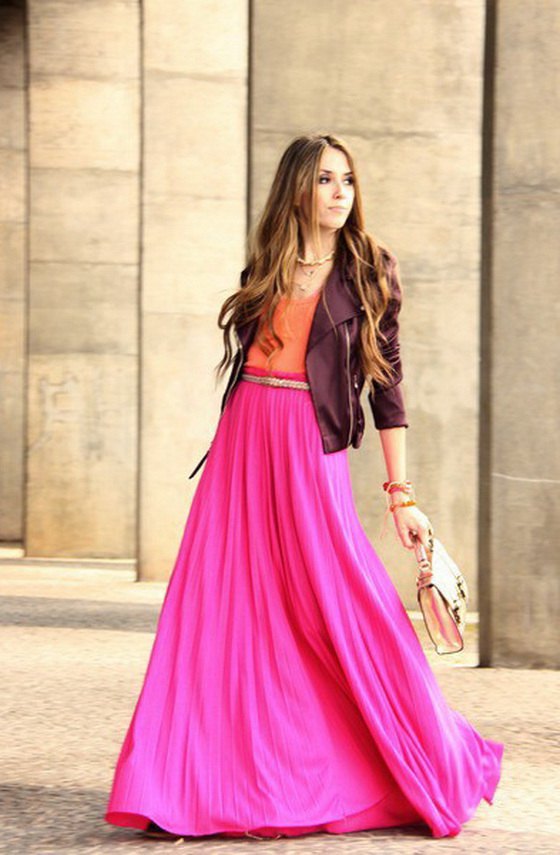 pink long skirt outfit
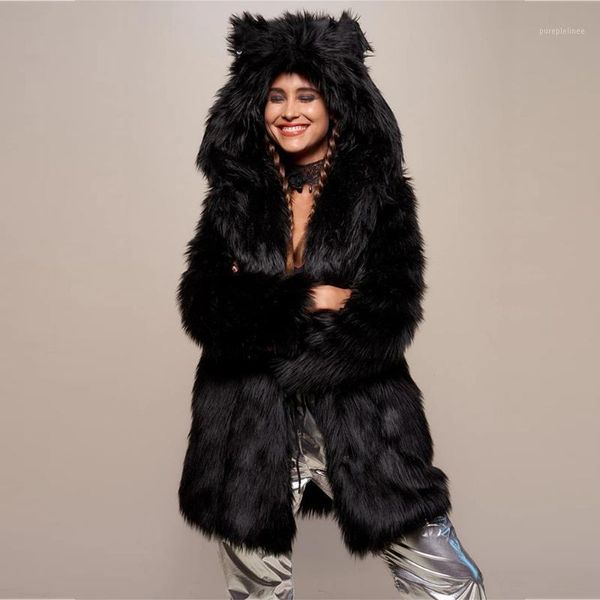 

women's down & parkas s-2xl size faux fur regular coat 2021 winter cute warm leopard print animal hooded pie to overcome mf064, Black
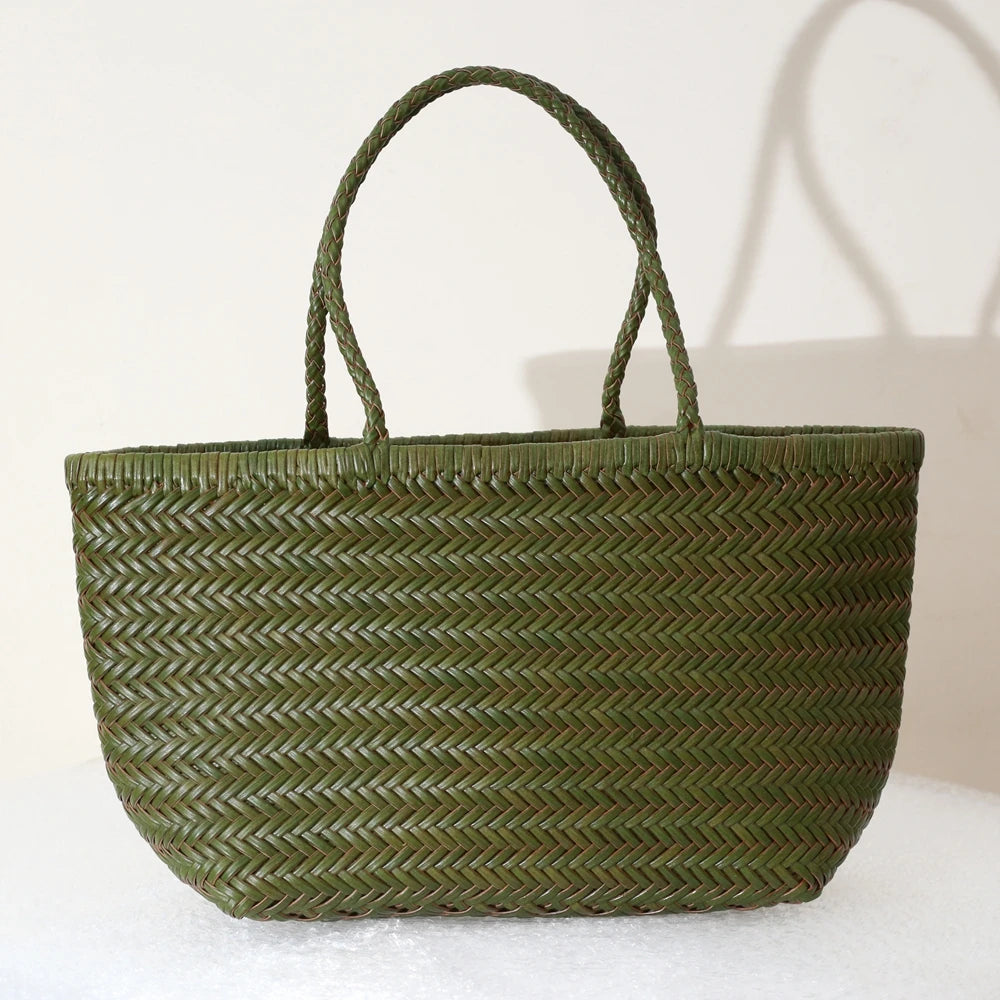 Damen Schultertasche aus echtem Leder – Handgeflochtene Vintage Tote Bag aus Rindsleder, große Shoppingtasche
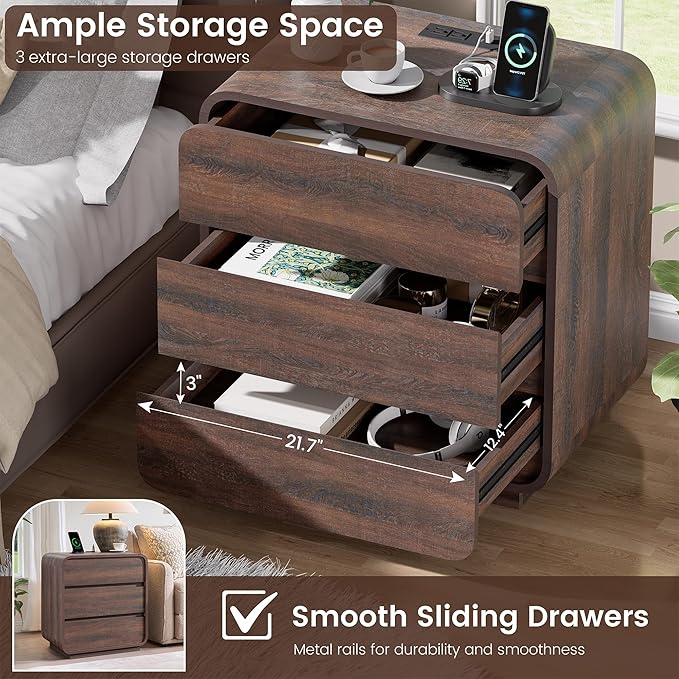 Modern Nightstand Set of 2, 23.2" Wide Wood Bedside Table with Charging Station, 3 Storage Drawers Side Table Curved Profile, Handleless, Large End Table Night Stand for Bedroom, Walnut ﻿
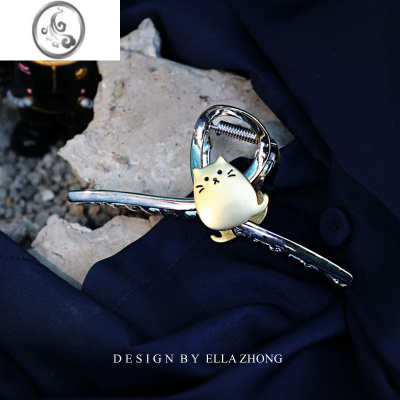 JiMi小众可爱~猫咪盘发抓夹子高级感发夹韩国发饰头饰超仙百搭鲨鱼夹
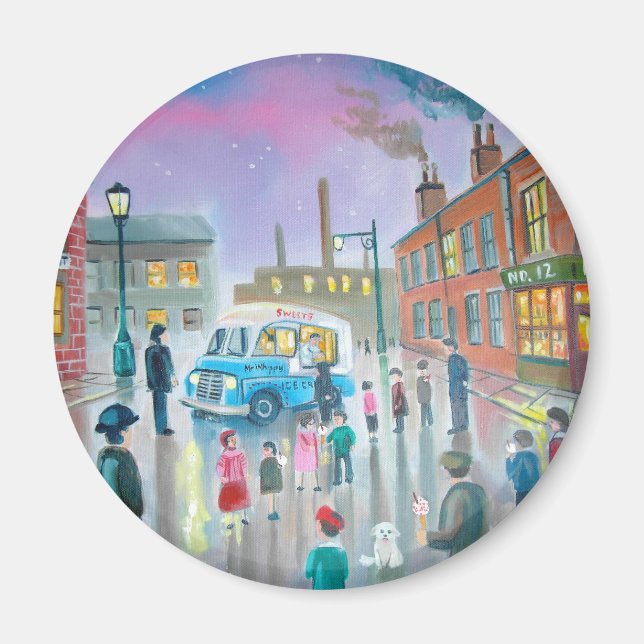 Das Ölgemälde von Ice Cream Van Magnet (Vorne)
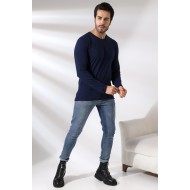 Compact Penye Likralı Regular Fit Uzun Kol Pis V Yaka T-Shirt 19698 LACİVERT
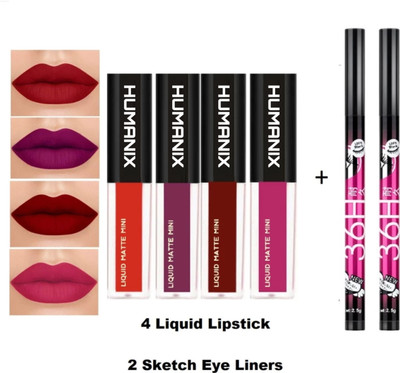 Humanix Red Edition 4 Mini Matte Lipstick With 2 36H Eyeliner (Pack of 6)(Multicolor, 30 ml)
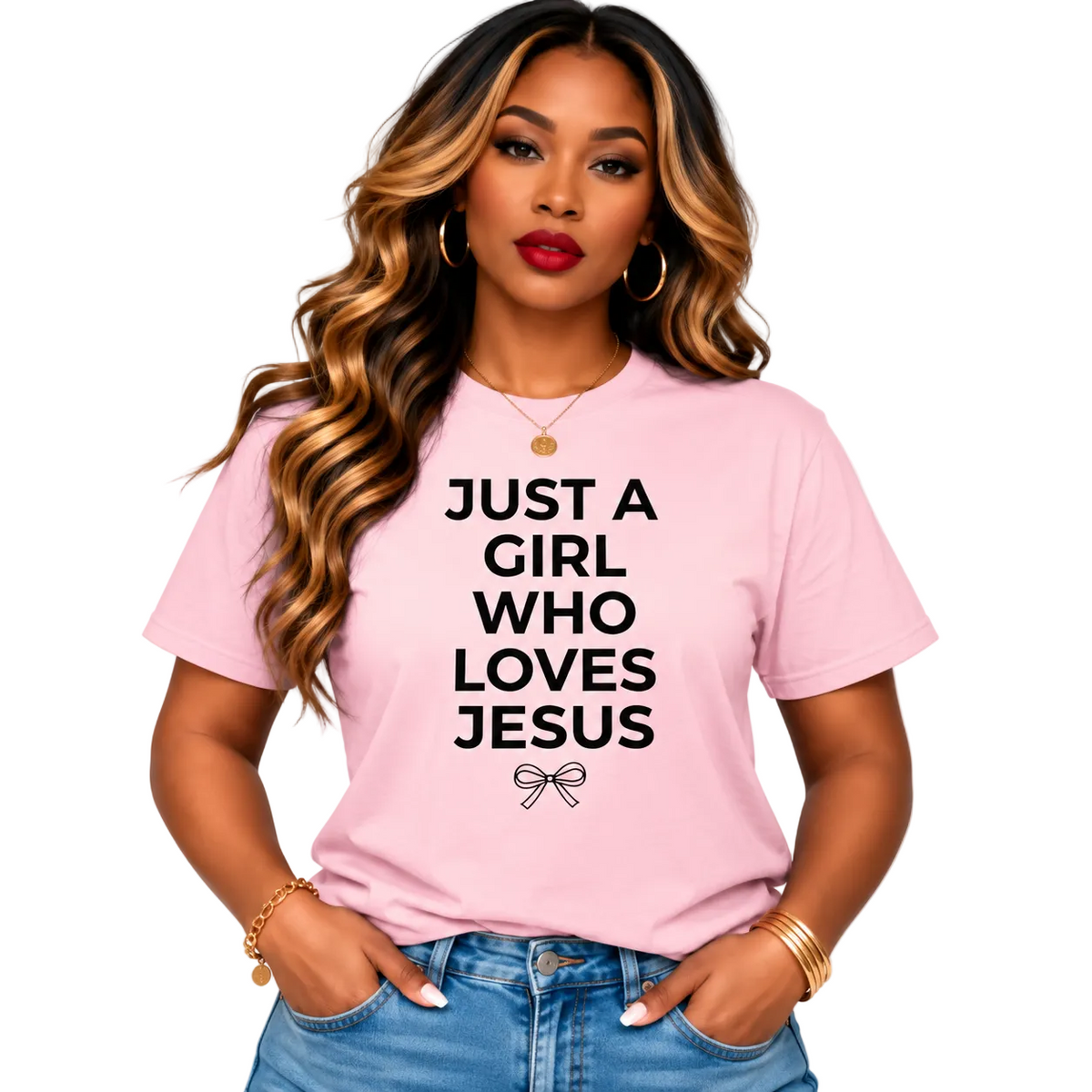 Just a Girl Who Loves Jesus (Black) Unisex| Christian Graphic T-Shirt | Faith-Based Apparel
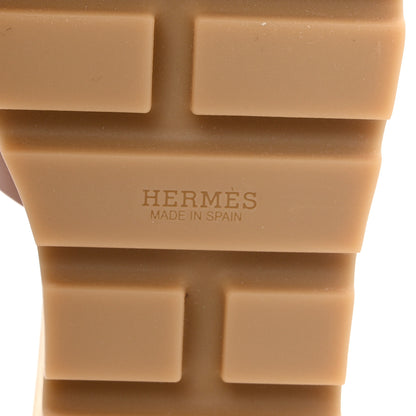 Hermes Calfskin Cork Eze 30 Sandals 38 Marron Glaise 6 of 9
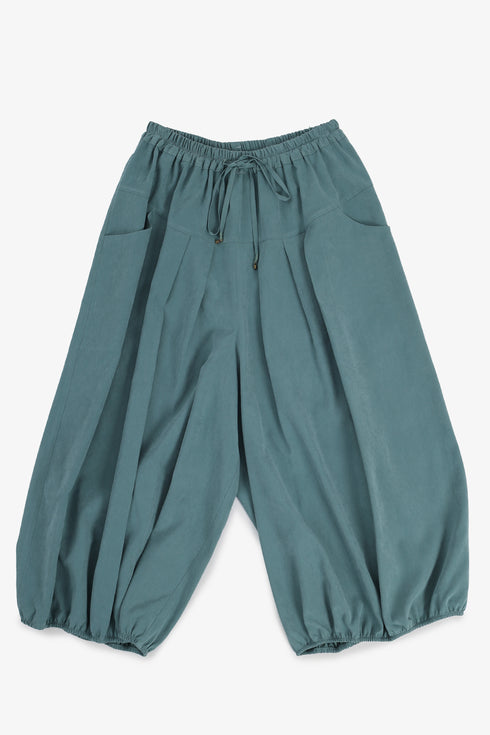 Balloon pants with pleats and drawstring waist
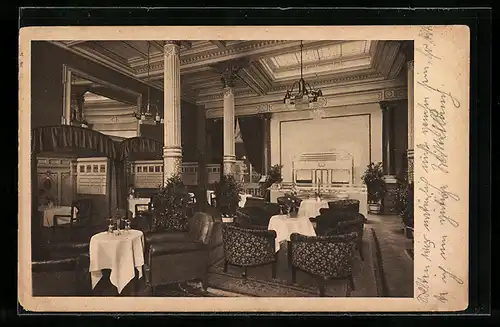 AK München, Hauser`s Hotel Der Reichsadler am Karlstor, Herzog-Wilhelmstrasse 32, Innenansicht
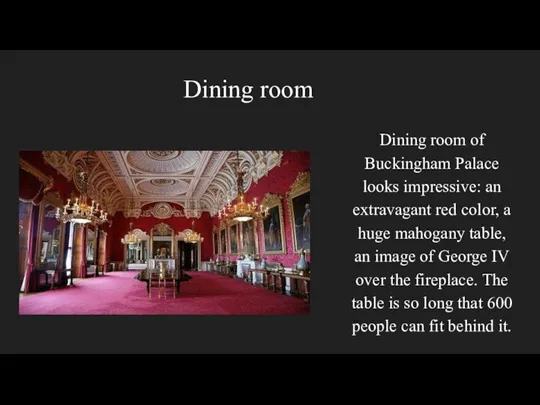 Dining room of Buckingham Palace looks impressive: an extravagant red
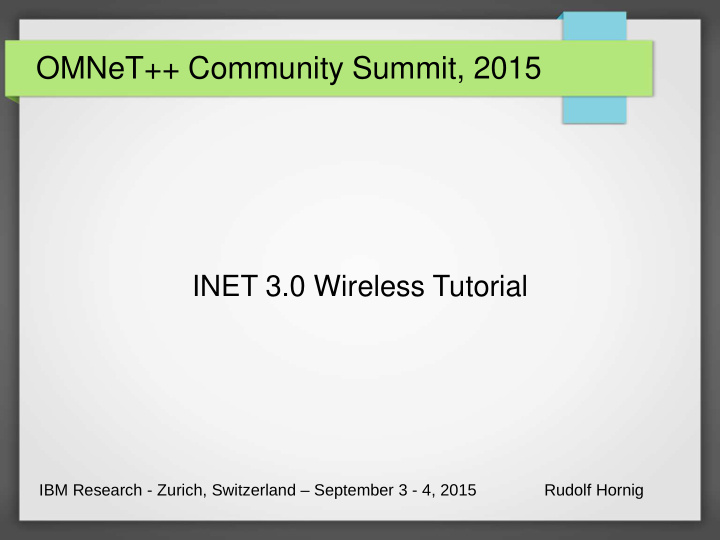 omnet community summit 2015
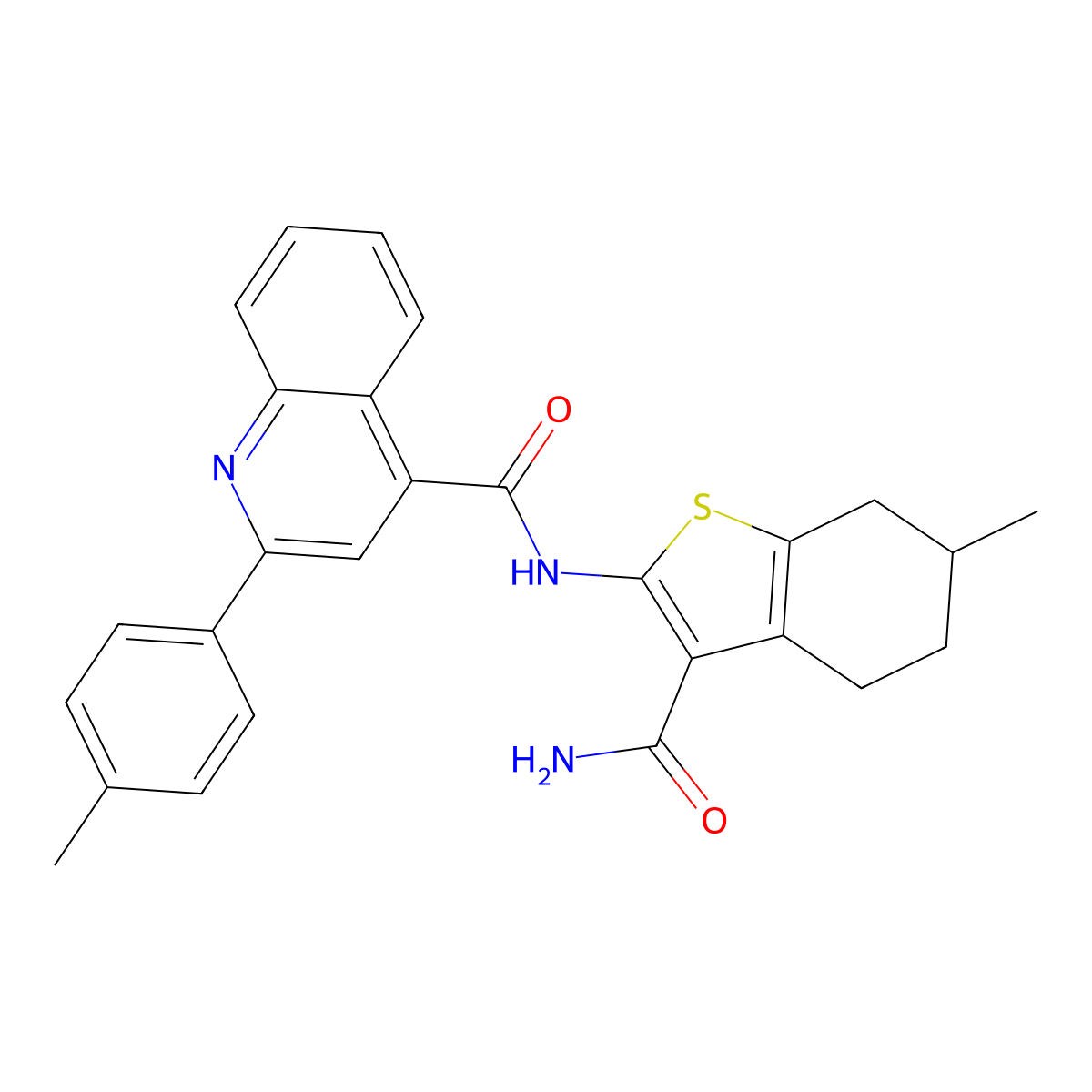 N-(3-carbamoyl-6-methyl-4,5,6,7-tetrahydro-1-benzothiophen-2-yl)-2-(4-methylphenyl)quinoline-4-carboxamide molecular structure, CAS 352678-24-1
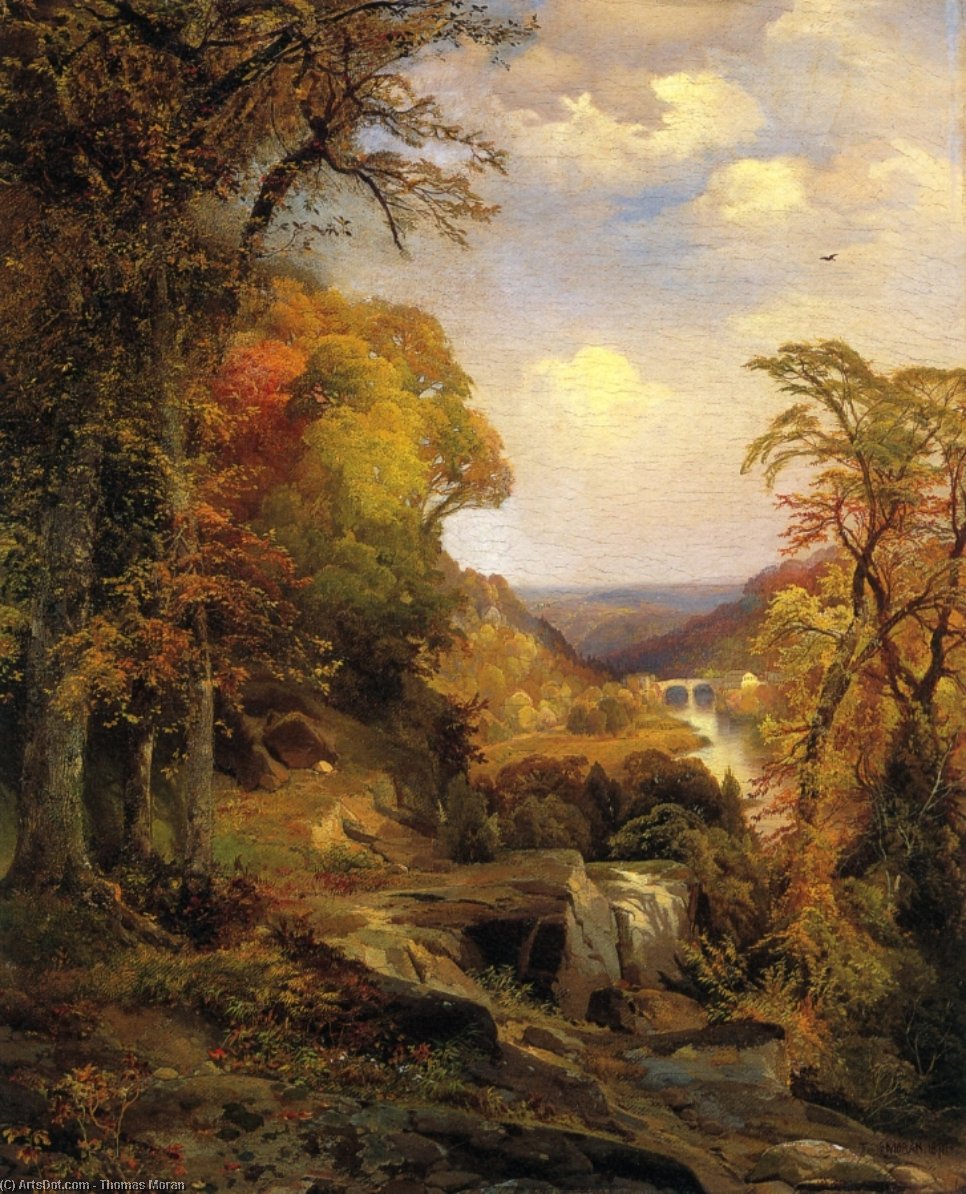 Wikioo.org - The Encyclopedia of Fine Arts - Painting, Artwork by Thomas Moran - On the Wissahickon near Chestnut Hill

WHAT IS NEEDED:
Copy the whole of the material above exactly, and exclude every picture.

SOLUTION TO THE PROBLEM:
 pink long skirt outfit

women's down & parkas s-2xl size faux fur regular coat 2021 winter cute warm leopard print animal hooded pie to overcome mf064, Black
 Damen Schultertasche aus echtem Leder – Handgeflochtene Vintage Tote Bag aus Rindsleder, große Shoppingtasche
 Modern Nightstand Set of 2, 23.2" Wide Wood Bedside Table with Charging Station, 3 Storage Drawers Side Table Curved Profile, Handleless, Large End Table Night Stand for Bedroom, Walnut ﻿
 JiMi小众可爱~猫咪盘发抓夹子高级感发夹韩国发饰头饰超仙百搭鲨鱼夹
 Das Ölgemälde von Ice Cream Van Magnet (Vorne)
 Compact Penye Likralı Regular Fit Uzun Kol Pis V Yaka T-Shirt 19698 LACİVERT
 Humanix Red Edition 4 Mini Matte Lipstick With 2 36H Eyeliner (Pack of 6)(Multicolor, 30 ml)
 Just a Girl Who Loves Jesus (Black) Unisex| Christian Graphic T-Shirt | Faith-Based Apparel
 Hermes Calfskin Cork Eze 30 Sandals 38 Marron Glaise 6 of 9
 Balloon pants with pleats and drawstring waist
 AK München, Hauser`s Hotel Der Reichsadler am Karlstor, Herzog-Wilhelmstrasse 32, Innenansicht
 Dining room of Buckingham Palace looks impressive: an extravagant red
 omnet community summit 2015
 N-(3-carbamoyl-6-methyl-4,5,6,7-tetrahydro-1-benzothiophen-2-yl)-2-(4-methylphenyl)quinoline-4-carboxamide molecular structure, CAS 352678-24-1
 Wikioo.org - The Encyclopedia of Fine Arts - Painting, Artwork by Thomas Moran - On the Wissahickon near Chestnut Hill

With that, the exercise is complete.